This page focuses on the debt students take on to attend Brandeis University: median debt, the percentile spread, total borrowing including PLUS loans, and the cost to repay. All figures come from the U.S. Department of Education and IPEDS.
For incoming students at Brandeis, 27% of first-year students take on loan debt, for an average of $10,214 per borrower, covering both private and federal loans.
The typical federal loan comes to $3,799, representing 69.1% of the $5,500 cap on first-year federal borrowing for the typical dependent student. Be aware: the undergraduate-wide averages below exclude private loans, while this freshman number includes them.
Across the full undergraduate body at Brandeis (freshmen included), 28% finance part of their studies with federal loans, at an average of $5,027 in federal loans per year. It comes to 32.3% higher than the first-year federal average of $3,799.
Borrowing at that rate every year works out to about $10,054 over two years and about $20,108 over four years. This projection keeps yearly federal borrowing flat and excludes private and Parent PLUS loans.
| Undergraduate federal borrowing | Value |
|---|---|
| Share using federal loans | 28% |
| Average federal loan per year | $5,027 |
| Undergraduates with a federal loan | 1,037 |
| Total federal loans (one year) | $5,213,115 |
The middle borrower at Brandeis owes $23,250 of cumulative federal debt.
| Borrower group | Median federal debt |
|---|---|
| All federal borrowers | $23,250 |
| Students who completed (graduates) | $25,648 |
| Students who withdrew | $10,380 |
Withdrawn-student debt matters because those borrowers carry the loans without the degree that helps repay them.
The median hides the spread, so the percentiles below show cumulative federal debt at four points in the distribution for Brandeis.
| Percentile | Cumulative Federal Debt |
|---|---|
| 10th percentile (lowest-debt students) | $5,500 |
| 25th percentile | $17,500 |
| 75th percentile | $30,000 |
| 90th percentile (highest-debt students) | $34,000 |
The spread between the lowest- and highest-debt deciles summarizes how variable outcomes are at Brandeis.
Median federal debt understates the full cost when PLUS loans are included. The totals below add PLUS borrowing for Brandeis.
| Group | Borrowers | Median debt incl. PLUS |
|---|---|---|
| All borrowers | 309 | $30,870 |
| Completed (graduates) | 208 | $35,451 |
| Did not complete | 101 | $24,962 |
Completers face an estimated standard 10-year monthly payment on their PLUS-inclusive debt of roughly $421.55/mo.
Federal data lets us separate Stafford borrowers from the rest at Brandeis.
Borrowers With Any Stafford Loan
| Cohort | Borrowers | Median debt incl. PLUS |
|---|---|---|
| Used a Stafford loan | 297 | — |
| No Stafford loan | 12 | — |
Stafford This Year vs Not
| Cohort | Borrowers | Median debt incl. PLUS |
|---|---|---|
| Stafford loan this year | 230 | $34,694 |
| No Stafford loan this year | 79 | $24,654 |
These figures turn the debt totals into a monthly repayment picture for Brandeis.
Defaulting means failing to repay a federal student loan, which carries serious credit consequences.

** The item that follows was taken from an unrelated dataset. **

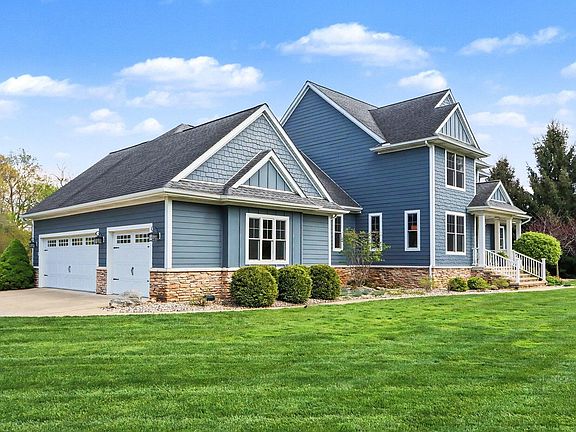 3rd image of 15877 Indian Valley St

Two-year cohort default-rate data for Brandeis follows.
| Metric | Value |
|---|---|
| 2-year cohort default rate | 2.5% |
| Borrowers in the cohort | 748 |
This rate follows a borrower cohort from the start of repayment through the two-year window the Department of Education uses.
Median debt differs by income tier, first-generation status, and whether the student is financially dependent.
Median Debt by Income Bracket
| Income tier | Median federal debt |
|---|---|
| Low income | $19,719 |
| Middle income | $23,500 |
| High income | $24,500 |
First-Generation Comparison
| Cohort | Median federal debt |
|---|---|
| First-generation students | $23,250 |
| Continuing-generation students | $23,250 |
By Dependency Status
| Cohort | Median federal debt |
|---|---|
| Dependent students | $23,250 |
| Independent students | $8,000 |
The Department of Education computes gap indicators that show how borrowing differs between student groups at Brandeis.
Subsidized and Unsubsidized Loans
Subsidized loans pause interest while you are in school; unsubsidized loans do not. That difference compounds over four years, so the type of loan you take matters as much as the amount.
Did You Know?
Unlike most other debt, federal student loans generally survive bankruptcy — and unpaid balances can lead to wage garnishment — so borrow only what you truly need.
References
More about our data sources and methodologies.